It's no news to anyone who's ever watched American TV – especially local crime coverage – that the beat has devolved into a cesspool of gore, jittery witnesses and 'hot content'. What was once prophetic in movies like 'Network' and 'Broadcast News' is now commonplace. Writer-director Dan Gilroy's supercharged 'Nightcrawler', a viciously funny film, starts from that premise and wisely avoids making the same points. Instead, it twins the frenetic, sleazy hunt for shocking footage with the career ambitions of a closet psycho who, naturally, rises to the top. Closer in spirit to the media-amplified perversity of Martin Scorsese's 'Taxi Driver' and 'The King of Comedy', 'Nightcrawler' feels like a major portrait of a sick, insatiable appetite.
The hungry wolf at the centre is Louis, impressively played by a wire-thin Jake Gyllenhaal, who right off the bat doesn't feel like your everyday LA loner. Bug-eyed, upbeat and frustrated by his nighttime excursions fencing stolen goods, he strolls up to a burning car on the highway, the rescue in progress. Watching the swarming cameramen (freelancers who provide smut to TV stations for quick payouts), a light bulb goes off over Louis' head. Soon enough, he's out there with his own camera, getting closer than anyone – he nearly runs over a crime scene with his car – and sneaking through bullet-strewn homes without permission.

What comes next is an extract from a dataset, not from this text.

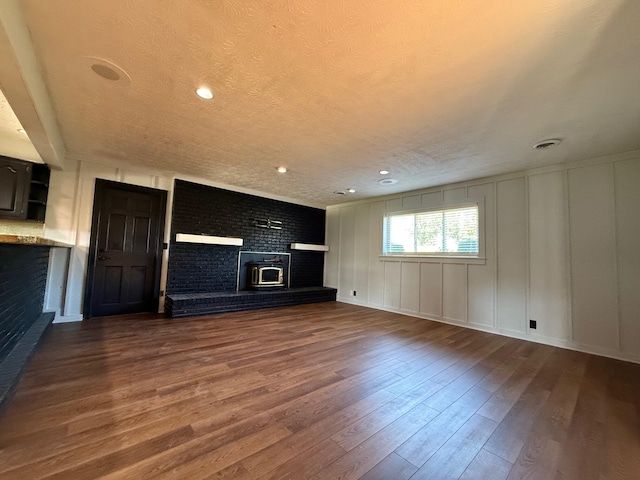 unfurnished living room featuring a wood stove, a textured ceiling, and hardwood / wood-style flooring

Initially, 'Nightcrawler' plays like a darkly comic how-I-made-it story. Louis marshals an impressive (if slightly cracked) discipline to his new passion. He fancies himself a budding businessman: after a ridiculous interview, he takes on a desperate assistant, Rick (Riz Ahmed), for an unpaid 'internship' to watch over his wheels while he shoots, and sells a few clips to a crass news director (Rene Russo, great in a tricky role). But the film takes a brilliant turn into the unexpected when Louis finds himself the first person at a car wreck, even before the police. The corpse could be better positioned to catch the light – so he moves it. From there, the bottom drops out and the film plunges into ethical freefall, as entertaining as it is nauseating.
Gyllenhaal, who summons career-best work, simply couldn't have played this character a few years ago. His boyish handsomeness undergoes a transformation into ferrety slickness, the actor hammering home Louis's mania in ferocious, near-OCD monologues that reveal a truly dangerous operator. And thank heavens for a film without the urge to supply a backstory. Gilroy, vastly supported by cinematographer and Los Angeles specialist Robert Elswit ('Boogie Nights', 'Magnolia'), directs with the verve of a seasoned pro, even though 'Nightcrawler' is his debut. 'Why aren't we at the rape in Vincent Park like everyone else?' whines Rick, his boss steering them to a different score beyond their wildest dreams. It's a movie in which those dreams have happy endings for the wrong people.